A few ice fishing reports are trickling in from northern Washington and Idaho.

Some of the lower lakes have skim ice, but for the most part, conditions are not good for safe fishing. Chain Lake on Tiger Pass is said to be fishable for perch, and Bonaparte Lake has 5-7 inches of ice.

There are 3½ inches of hard ice on Thomas Lake. An angler recently reported taking 80 perch there.

Coffin Lake has 2-4 inches of ice, Patterson is capped, but I’ve received no indication there is enough ice to support an angler.

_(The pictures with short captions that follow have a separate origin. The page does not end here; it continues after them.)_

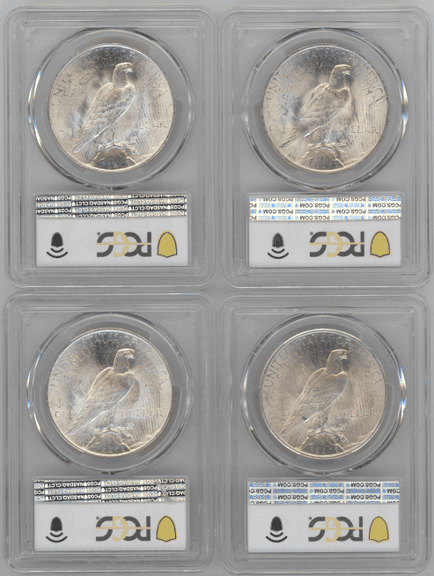 4 Blazing-white nearly Gem BU 1922-1925 Peace Dollars. PCGS MS64
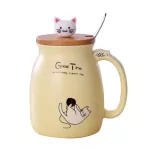 420ml/500ml Cartoon Cat Ceramic Water Cup With Wooden Lid Spoon Milk Tea Mugs Home Children Cup Set Drinkware S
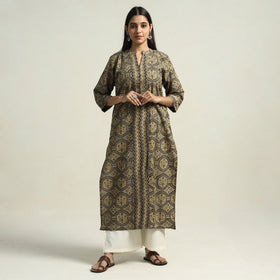 Brown - ajrakh block printed cotton straight kurta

Curlew Lake now has two inches of ice at the state park – hopefully with more to form because the big bay between the launch and the island is usually where the perch bite begins. Even if I weighed a hundred pounds less than my current 200, I wouldn’t get on it now, however.

Steelhead and salmon

Jan. 1 marked the beginning of the spring steelhead season with general rules on the Snake, Clearwater, Boise and Salmon rivers.

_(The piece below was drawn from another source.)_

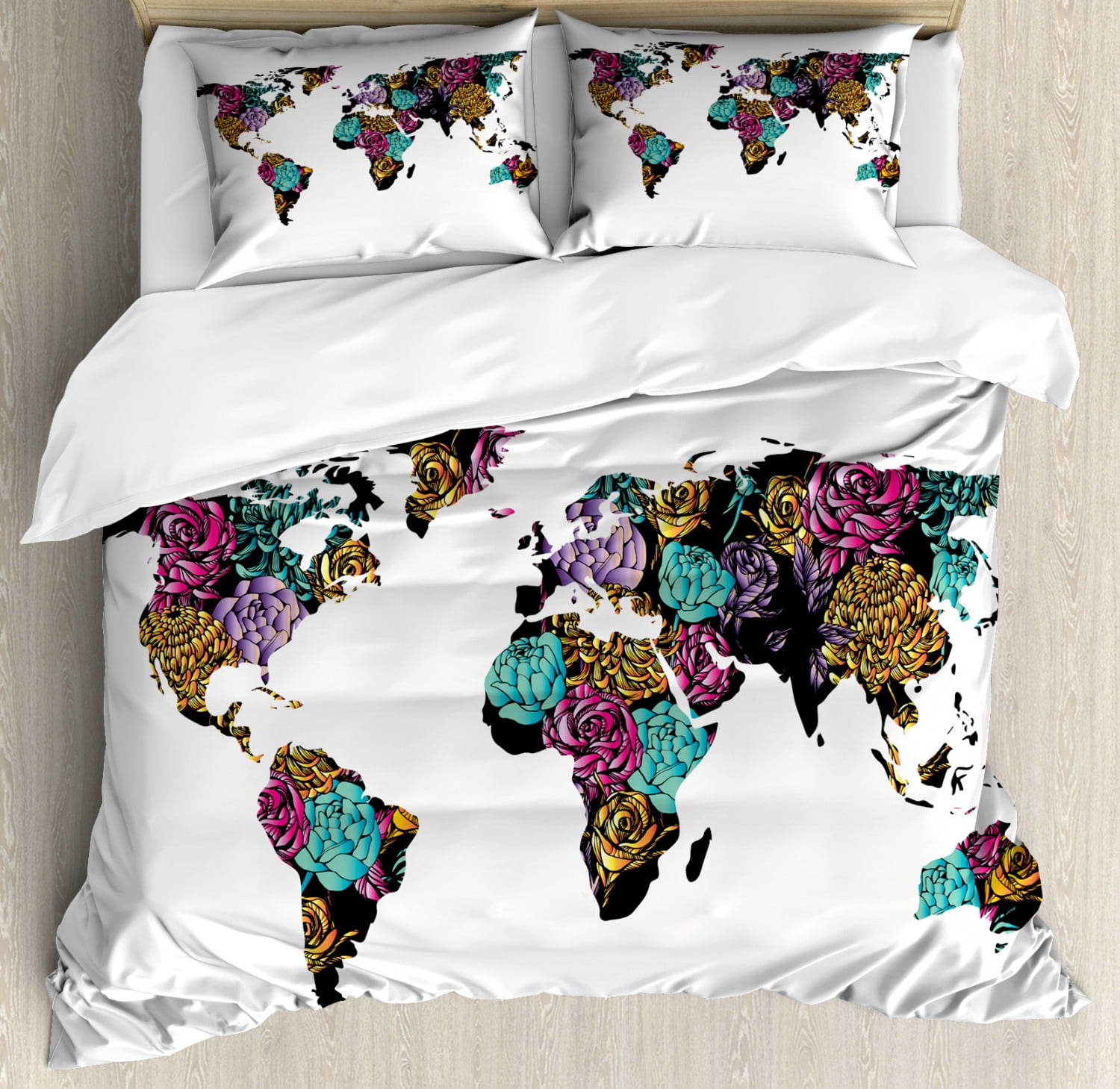 Earth Queen Size Duvet Cover Set, World Map with Elegance Rose Flowered ...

The Grande Ronde, Snake, and Clearwater are on the high side. The spring chinook run doesn’t arrive in earnest until late March. Anglers often start catching early-arriving fish later this month.

Spiny ray

Walleye anglers are catching fish in Porcupine Bay on Lake Roosevelt by drifting the main river channel with jigs. Most fish taken this winter have been in the 14- to 16-inch range.

Walleye fishing on Moses Lake near the I-90 bridge has been decent at times for anglers dragging grubs on the bottom. Most of the fish have been under 17 inches. Perch fishing in the same area has slowed way down.

Perch and walleye anglers can still do well with blade baits on Long Lake. The problem is finding a place to launch.

The only one that remains open is where the Little Spokane enters the river. In a normal winter, even this is not usable as the water is too low, but this winter, high, swift water has been more of a problem.

Hunting

A recent 300-mile mile scouting meander through Sprague and Lamont, into the Palouse from St. John to Endicott and all along the Palouse River and Rock Creek made me certain some northern ducks have finally come this way.

Nearly every flooded field was crammed with waterfowl, including lots of geese. Rock Lake looked like a prime spot for a goose hunter with a boat to set up fairly close to the launch area.

There are still pheasants out there, but mud was a major headache this week for pheasant hunters. As the cover gets beat down by rain and wet snow, the birds have become very flighty.

A friend recently was lamenting the fact he is having a hard time finding birds now, saying his trigger finger is beginning to atrophy. I suggested he try rabbit hunting, as I’ve seen quite a few this year in the sagebrush and the brushy scabrock thickets around Lamont.

He said he wouldn’t eat a rabbit for anything, and I told him I would take all he would give me. Cut into five meaty pieces and fried the same way you would a chicken, cottontails and snowshoes have delicious white meat almost indistinguishable from pheasant.